Addressing Critical Technology Bottleneck: its semiconductor-based Vertical-External-Cavity Surface-Emitting Laser technology addresses a critical bottleneck in high-tech industries: the lack of compact, cost-effective, high-power laser sources at precise wavelengths. Applications requiring such lasers include atomic clocks, quantum computers, next-generation semiconductor metrology, and free-space optical communication technology.
The company is expanding its manufacturing capabilities in Finland to ensure quality and speed as it responds to strong market demand following the introduction of several product lines. The funding allows Vexlum to move beyond boutique production to industrial-scale capability.

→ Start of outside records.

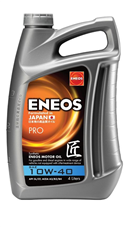Eneos OLEENE10W404LPRE Pro-Plus 10W-40 - 4L
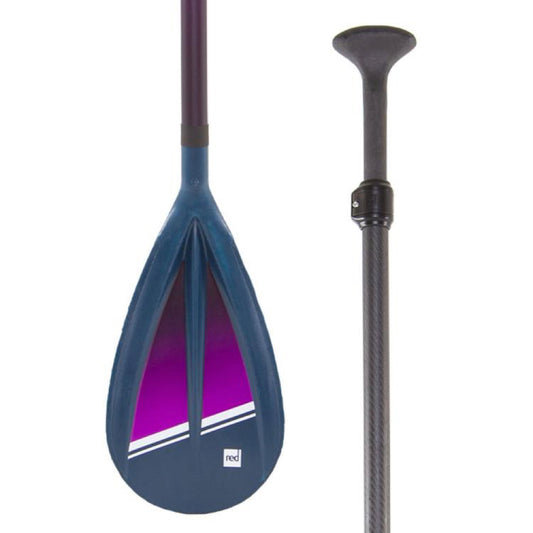 Pagaie de SUP Hybrid Tough 3pc de Red Paddle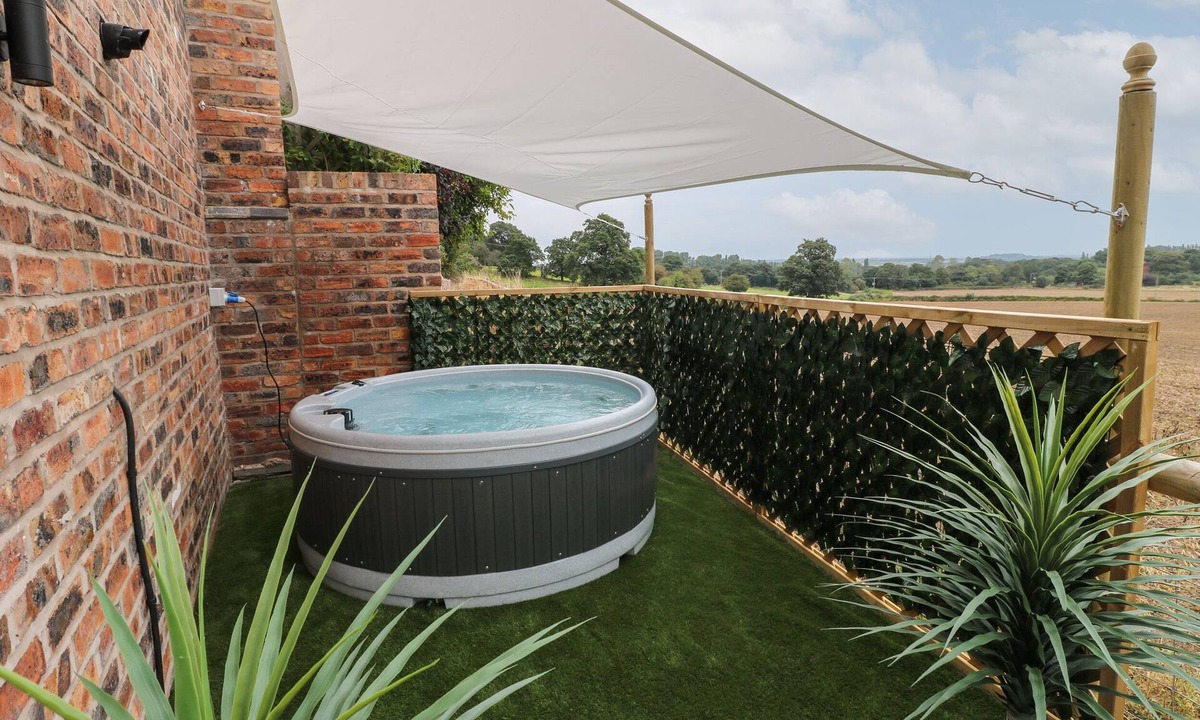 Rugeley Cottage | Slitting Mill Annex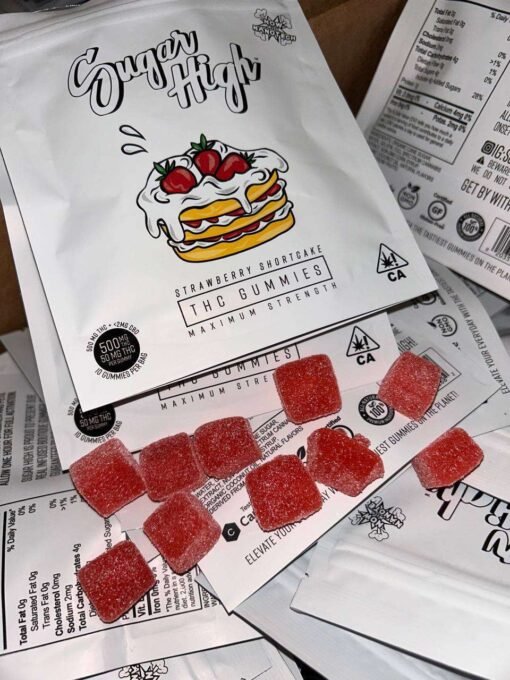sugar high edibles, sugar high gummies, watermelon sugar high strain, sugar high gummies near me, watermelon sugar high strain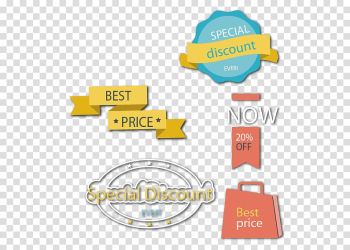 Sales promotion Icon design Icon, ppt border transparent background PNG clipart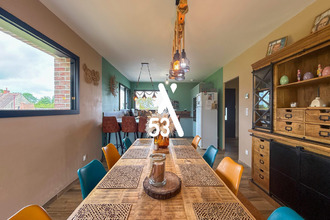  maison merckeghem 59470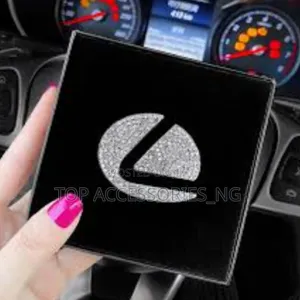 Glitters Steering Logo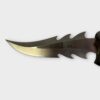 1994 Gil Hibben Raptor - UC750 - FRP #0531/7500 (SPG063670)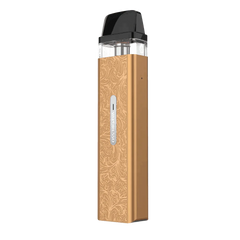 Vaporesso Xros Mini Bronze Gold - Click & Vape
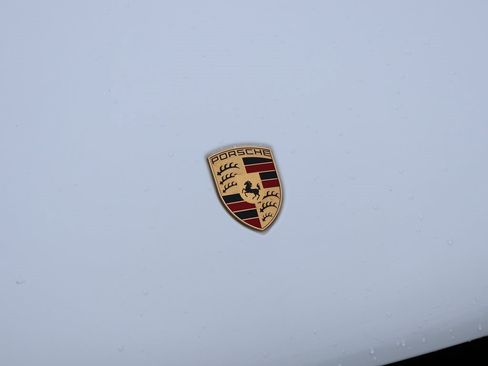 Used 2021 Porsche Macan GTS w/ Premium Package Plus (PF9) image 13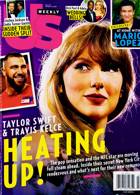 Us Weekly Magazine Issue 16/10/2023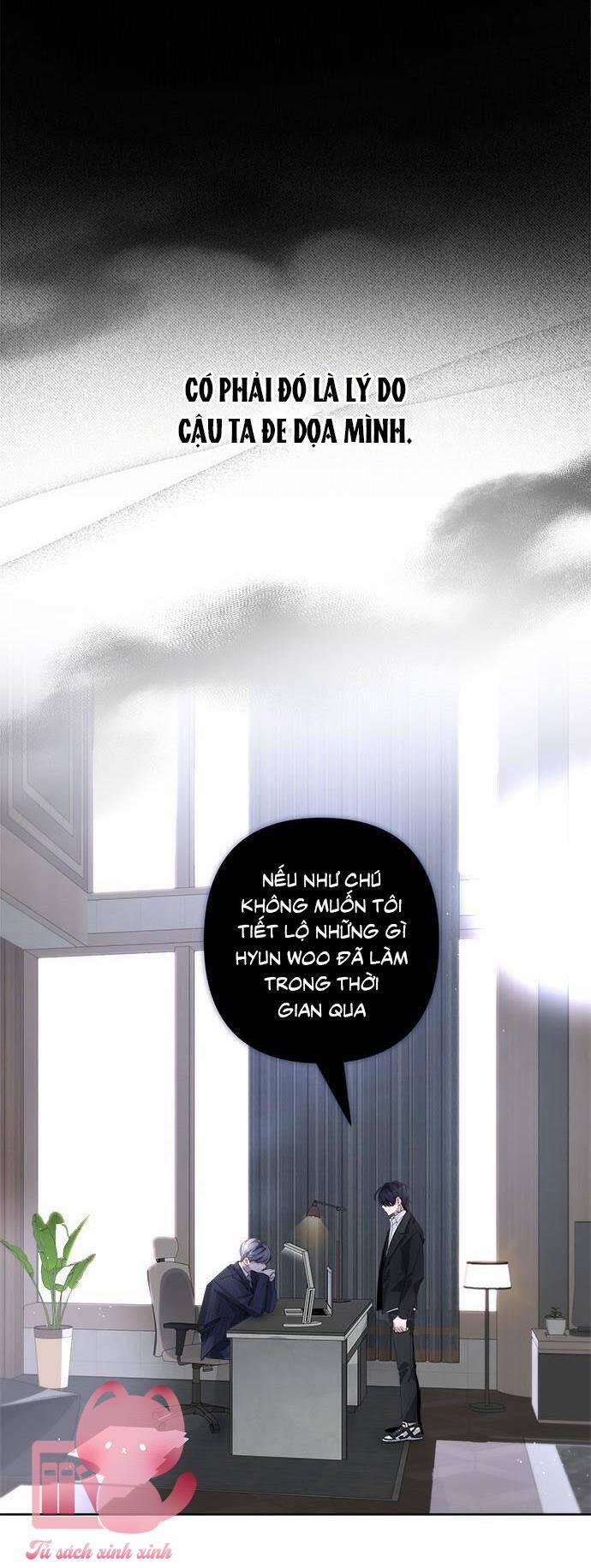 Đàn Anh Xấu Xa 64 trang 9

Vertical Integration: Its chip fabrication starts with molecular beam epitaxy, where semiconductor wafers are grown in a reactor, atomic layer by atomic layer — comparable to 3D printing on an atomic scale. Unlike the silicon used in traditional electronics, Vexlum utilizes III-V semiconductor materials such as gallium arsenide, indium phosphide, and gallium antimonide to produce laser wafers for specific wavelengths.
The wafers are fabricated into laser chips in a specialized cleanroom, after which quality-controlled chips are integrated into laser systems to generate laser light. This vertical integration in a facility owned by Vexlum allows the company to control the entire value chain — from chip manufacturing to the final laser system — and address customer needs more responsively.
Expanding Beyond Quantum Computing
Currently a major supplier for trapped-ion quantum computers, with its ability to manufacture lasers across diverse wavelengths allows Vexlum to power solutions far beyond quantum labs. The technology is being developed to make satellite optical communications more reliable and enable next-generation optical atomic clocks that aim to redefine the precision of timekeeping.
As Vexlum scales from research-oriented production to industrial volumes it furthers its strategy of avoiding direct competition with high-volume silicon chip manufacturers, the company occupies a niche requiring deep technical expertise and delivering high margins — a sustainable position for a Nordic manufacturer.